From The Texas Tribune:
The officers in the hallway of Robb Elementary wanted to get inside classrooms 111 and 112 — immediately. One officer’s daughter was inside. Another officer had gotten a call from his wife, a teacher, who told him she was bleeding to death.
Two closed doors and a wall stood between them and an 18-year-old with an AR-15 who had opened fire on children and teachers inside the connected classrooms. A Halligan bar — an ax-like forcible-entry tool used by firefighters to get through locked doors — was available. Ballistic shields were arriving on the scene. So was plenty of firepower, including at least two rifles. Some officers were itching to move.

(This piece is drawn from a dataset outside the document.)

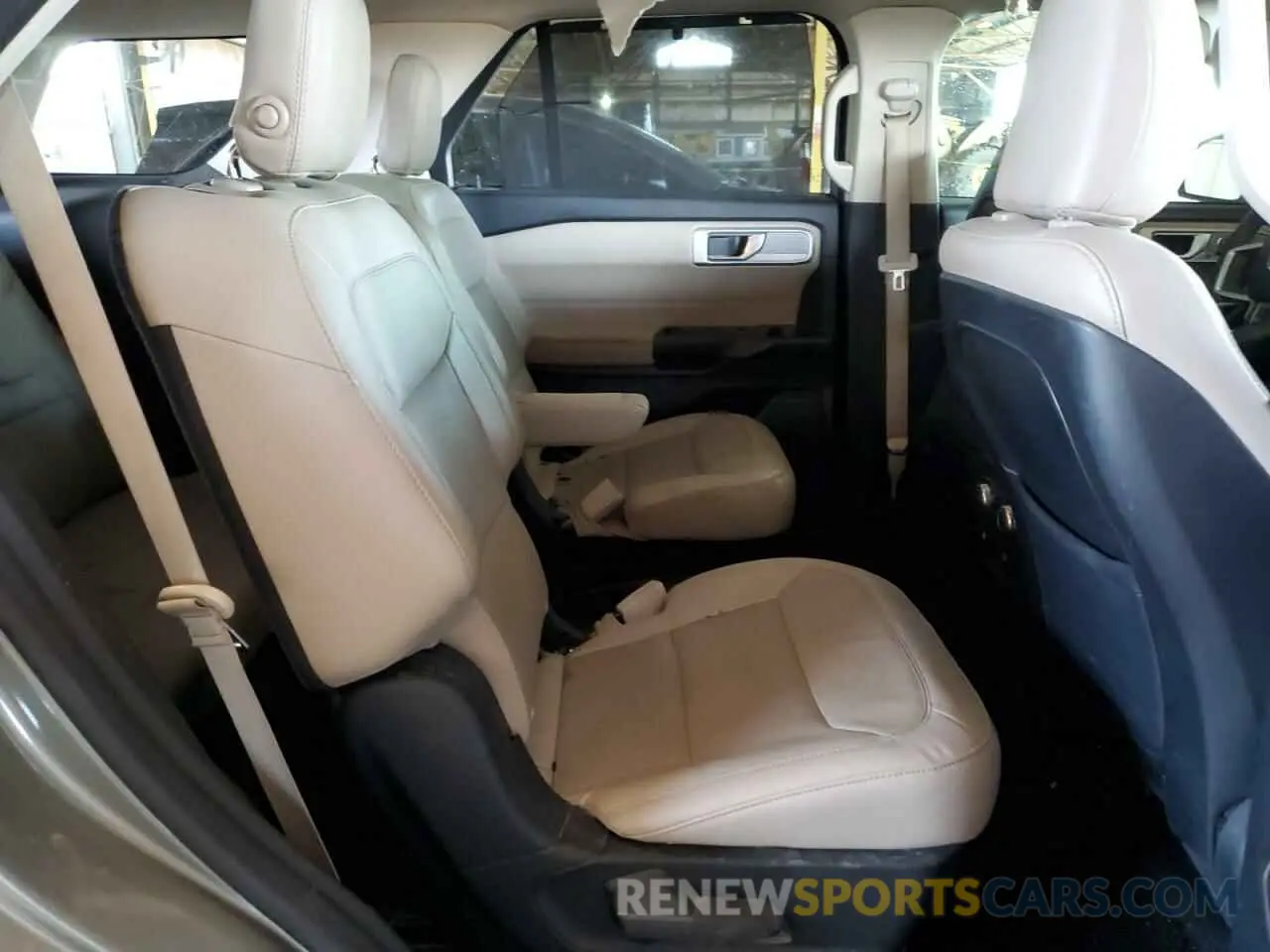 11 fotografías del automóvil dañado 1FMSK7FH7LGB93991 FORD EXPLORER 2020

One such officer, a special agent at the Texas Department of Public Safety, had arrived around 20 minutes after the shooting started. He immediately asked: Are there still kids in the classrooms?

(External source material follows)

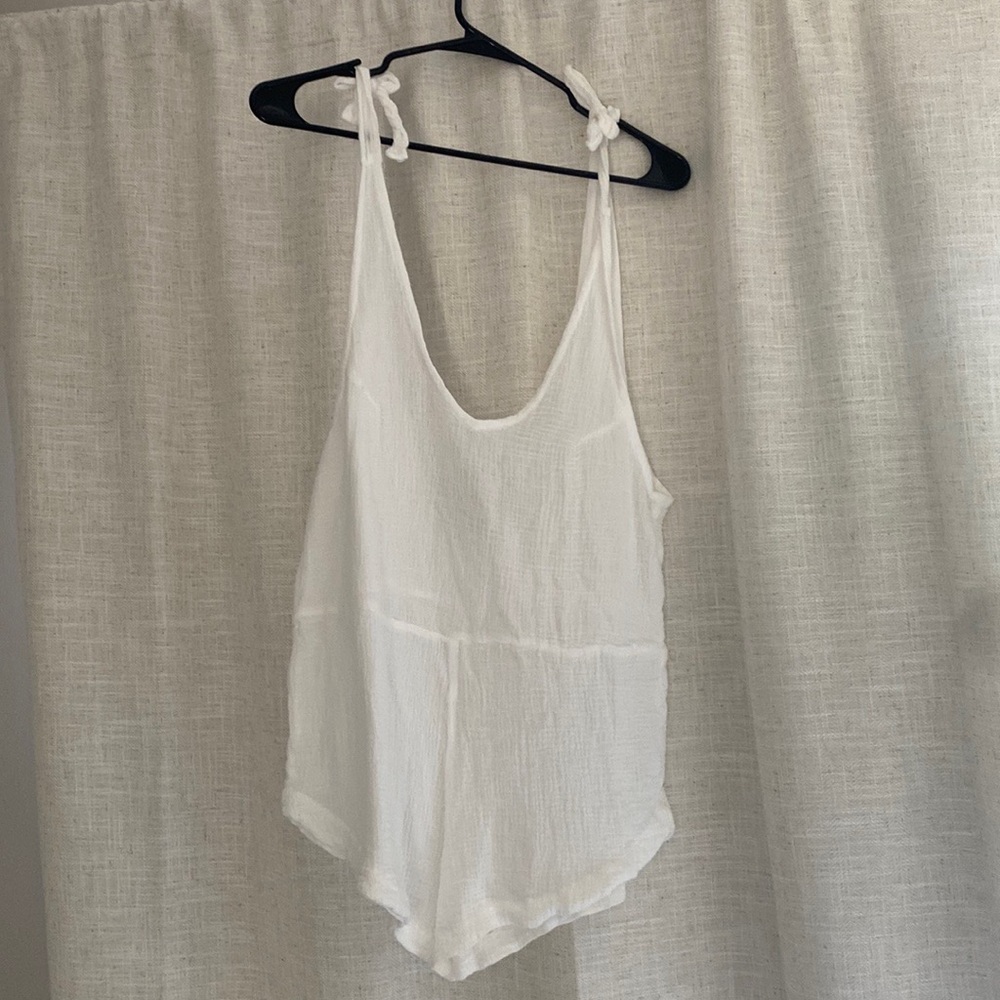 Mikoh Tarawa Romper In Bone Size 1 - image 5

“If there is, then they just need to go in,” the agent said.
Another officer answered, “It is unknown at this time.”
The agent shot back, “Y’all don’t know if there’s kids in there?” He added, “If there’s kids in there we need to go in there.”

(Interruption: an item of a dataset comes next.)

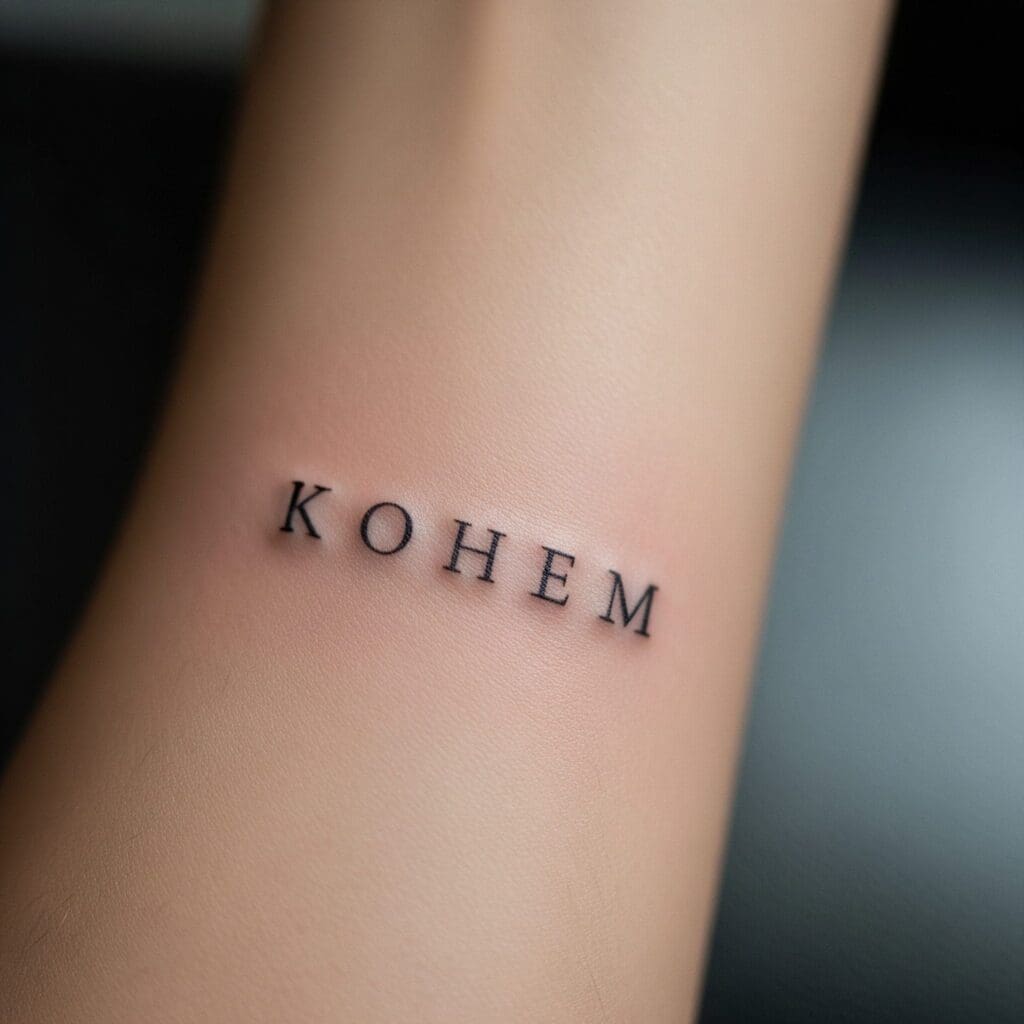 How to Hide a Name in Your Tattoo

“Whoever is in charge will determine that,” came the reply.
The inaction appeared too much for the special agent. He noted that there were still children in other classrooms within the school who needed to be evacuated.
“Well, there’s kids over here,” he said. “So I’m getting kids out.”
The exchange happened early in the excruciating 77 minutes on May 24 that started when Salvador Ramos, who had just shot his grandmother in the face, walked through an unlocked door of Robb Elementary, encountering no interference as he wielded an AR-15 he had bought eight days earlier. At the end of those 77 minutes, 19 students, including the daughter of one of the officers stationed in the hallway, and two teachers were dead or dying. Others sustained serious physical injuries; the emotional and psychological ones will last for life. It was the deadliest school shooting in Texas history.
But during most of those 77 minutes, despite the urgent pleas from officers and parents amassed outside, officers stayed put outside rooms 111 and 112, stationed on either end of a wide hallway with sky blue and green walls and bulletin boards displaying children’s artwork. Ramos fired at least four sets of rounds — including the initial spray of fire that likely killed many of his victims instantaneously.
After the special agent’s comment, nearly another hour passed before a tactical team from the Border Patrol breached the classroom doors and killed the gunman.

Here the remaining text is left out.